O dönemden günümüze yansıyan tarihi belgeler, etkileri günümüze kadar süregelen sorunlar yumağının nasıl da ikiyüzlü politik entrikalarla uygulama sahasına konulduğunu göstermektedir. Kurtuluş savaşı arefesinde Kürtler konusunda Atatürk’ü telaşlandıran şey, Batı hayranı kimi Kürt aydınların (tıpkı İttihadçılar gibi) kendilerini ilkel milliyetçilik akımına kaptırmaları ve bağımsız Kürdistan kurma fikirlerinin ortaya çıkması idi. İngilizlerin bunlar vasıtasıyla Kürtleri amaçları doğrultusunda kullanma istekleri ise, Atatürk’ü hayli düşündürüyordu. İşte o döneme ışık tutan bazı belgeler:

“Mustafa Kemal'in, 3. Ordu Müfettisi olarak Amasya'dan, Erzurum'daki Kazım Karabekir Paşa’ya gönderdiği, 24 Haziran 1919 tarihli mesajın bir bölümü:
"1- Mr.Novil adındaki bir İngiliz Yüzbaşısı, Urfa'dan Siverek yoluyla Viranşehir’e giderek, Milli aşiretlerinin ileri gelenleriyle görüşmüş ve Urfa'ya dönmüş. Osmanlı hükümeti için çok kötü propagandalar yapmış. Ancak aşiret reislerinden aldığı kesin cevaplara sevinmemiştir. Kürtler, Türk kardeşlerinden kesinlikle ayrılmayacaklarını, bu uğurda son kişilerine varıncaya kadar ölüme hazır olduklarını söylemişler. Ayrıca İngilizler'in kendilerine vermek istediği önemli miktardaki parayı almayarak namus ve yurtseverliklerini göstermişlerdir..." (Atatürk'ün Tamim Telgraf ve Beyannameleri, Nimet Arsan, Sayfa: 43)
Mustafa Kemal'in, Amasya'dan, 22 Haziran 1919 günü, Sivas Valisi Reşit Paşa’ya çektiği telgrafın ikinci paragrafı:
"Devletin bütünleşmesinin önem kazandığı bir sırada İngiliz propagandasının etkisinde ortaya çıkan ve Kürdistan'ın bağımsızlığını isteyenler, görüşmeler yoluyla kazanılarak Halifelik ve Saltanat çevresindeki ortak amacımıza getirildi. Çok şükür hata anlaşılarak aramıza dönmüşler ve kongreye (Sivas) çağrılmışlardır…" (Tarih Vesikaları Dergisi, Ankara, 1949, Sayi: 15, Sayfa: 162)
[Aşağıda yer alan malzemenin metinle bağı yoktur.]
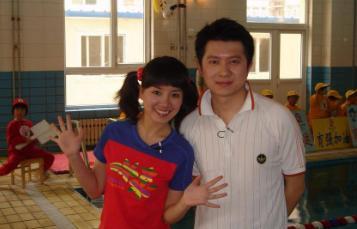 台上同为央视主持人，台下是真夫妻，恩爱幸福堪称天生一对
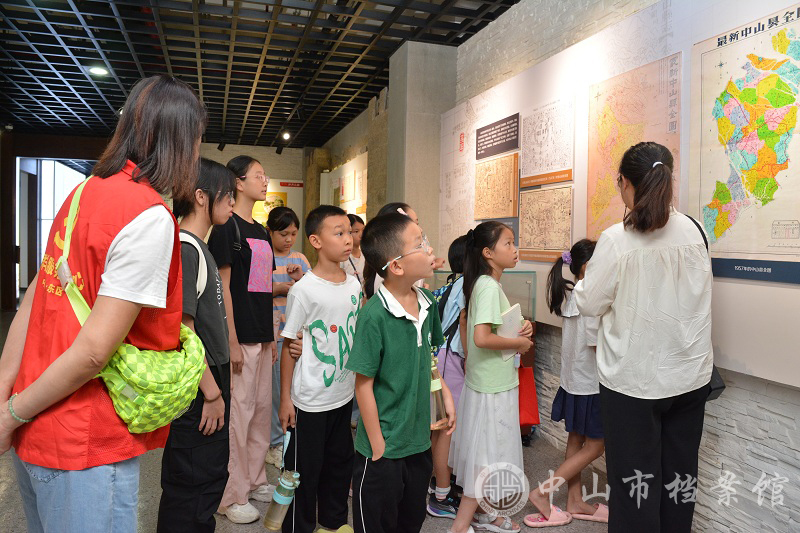 1754042215953584.jpg 图1:学生们参观“记忆中山”主题展(摄影:蓝子键).JPG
Göründüğü gibi Kürt halkı, düşmanla işbirliği yapmak bir yana, işgal güçlerine karşı başını M.Kemal’in çektiği cepheyle bütünleşme yoluna gitmiştir. Hatta bilahare Doğu ve G.Doğu illerinde yapılan şehir müdafaaları, Kürtlerin, Atatürk’ün deyimiyle “halifelik ve saltanat çevresindeki ortak amaç” için ne tür fedakarlıklara katlandığını göstermiştir.

Kürtler bu fedakarlığı yapar da, koskoca Kemal Paşa onlara bir jest yapmaz mı?

İşte belgeler:

“El-Cezire Cephesi Komutanı Tuğgeneral Nihat Paşa’ya,         1-Aşamalı olarak, bütün ülkede ve geniş ölçekte doğrudan doğruya halk gruplarının ilgili ve etkili olduğu bir biçimde yerel yönetimlerin oluşturulması iç politikamızın gereğidir. Kürtlerle dolu bölgede ise, hem iç politikamız ve hem de dış politikamız açısından ölçülü yerel bir yönetim kurulmasını savunmaktayız.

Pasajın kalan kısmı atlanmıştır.